⟨

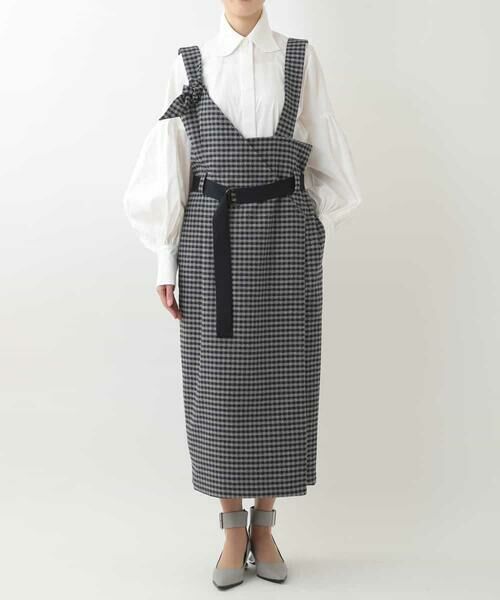 HIROKO KOSHINO / ヒロココシノ ドレス | 【日本製】先染めチェックドレス | 詳細2
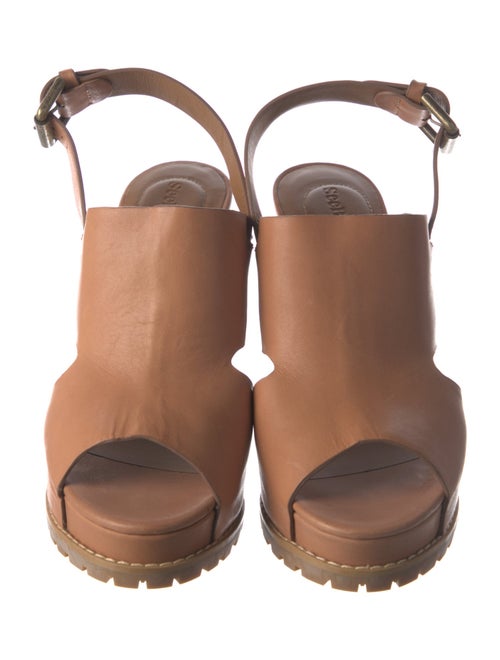 See by Chloé Leather Slingback Sandals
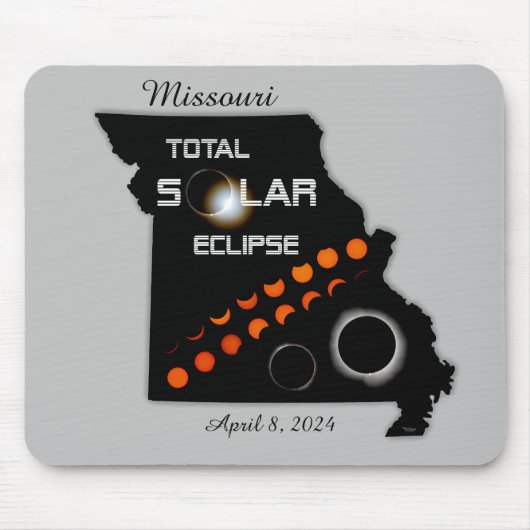 Missouri Solar Eclipse Mousepad Muismat (Voorkant)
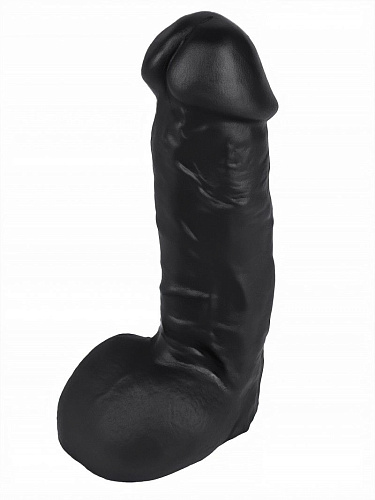 Чёрная насадка HARNESS для трусиков с плагом Сумерки богов №5 353-05 BX DD (17 см)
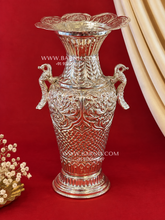 Double Peacock Lotus Flower Vase
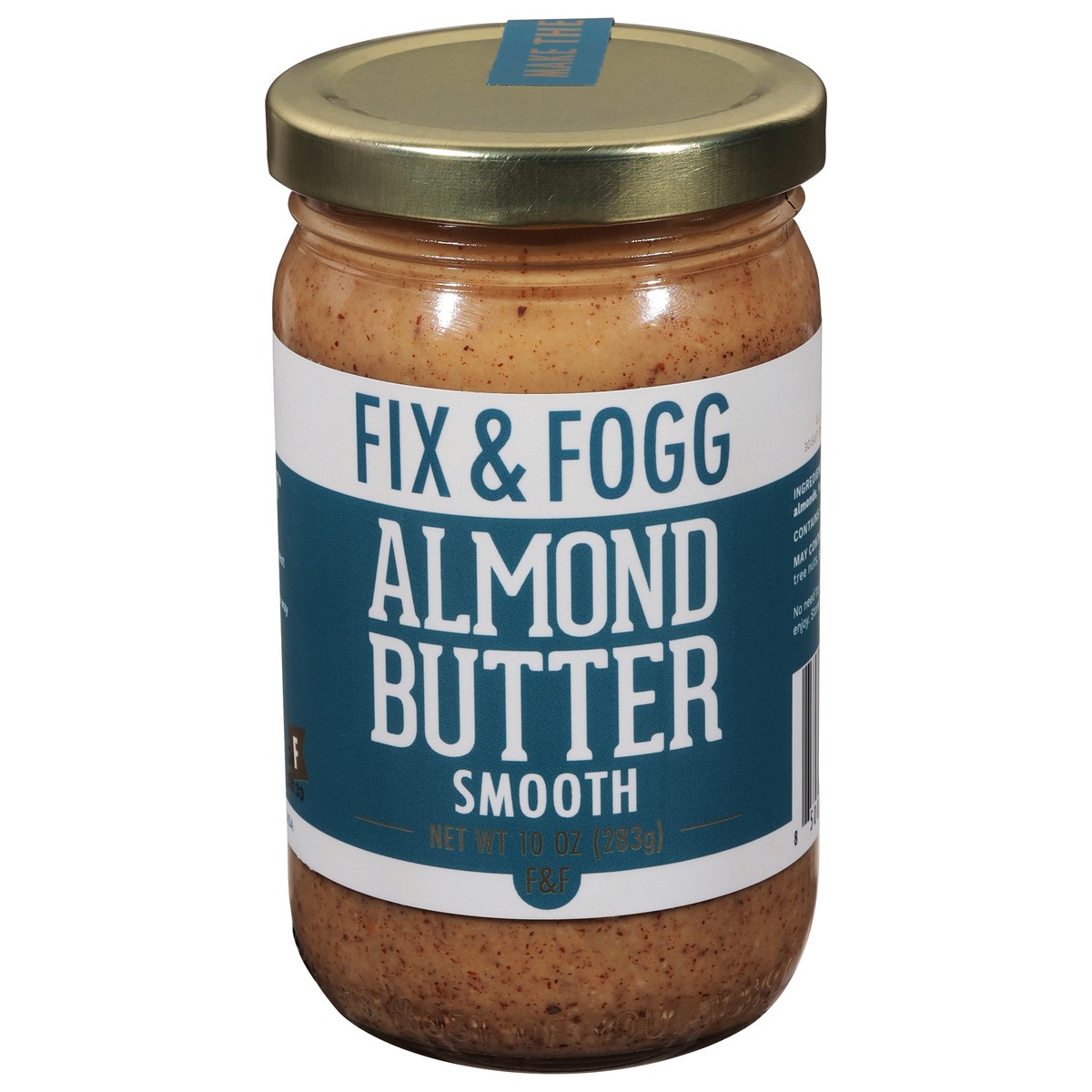 slide 1 of 9, Fix & Fogg Smooth Almond Butter 10 oz, 10 oz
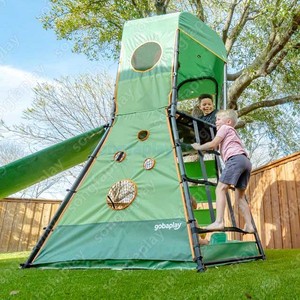 Structure de jeu d'extérieur portable pour enfants avec toboggan, balançoire, trampoline et aire de <span class=keywords><strong>jeux</strong></span> couverte en ABS/PP - Product Image 4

⟩

▶ TASK BRIEF:
Give the lines from the one containing "Missouri Solar Eclipse" through the last line of the material again, exactly and with no pictures, both ends included.

▶ ANSWER TO THE PROBLEM:
 Missouri Solar Eclipse Mousepad Muismat (Voorkant)
 Чёрная насадка HARNESS для трусиков с плагом Сумерки богов №5 353-05 BX DD (17 см)
 Double Peacock Lotus Flower Vase
 slide 1 of 9, Fix & Fogg Smooth Almond Butter 10 oz, 10 oz
 Structure de jeu d'extérieur portable pour enfants avec toboggan, balançoire, trampoline et aire de <span class=keywords><strong>jeux</strong></span> couverte en ABS/PP - Product Image 4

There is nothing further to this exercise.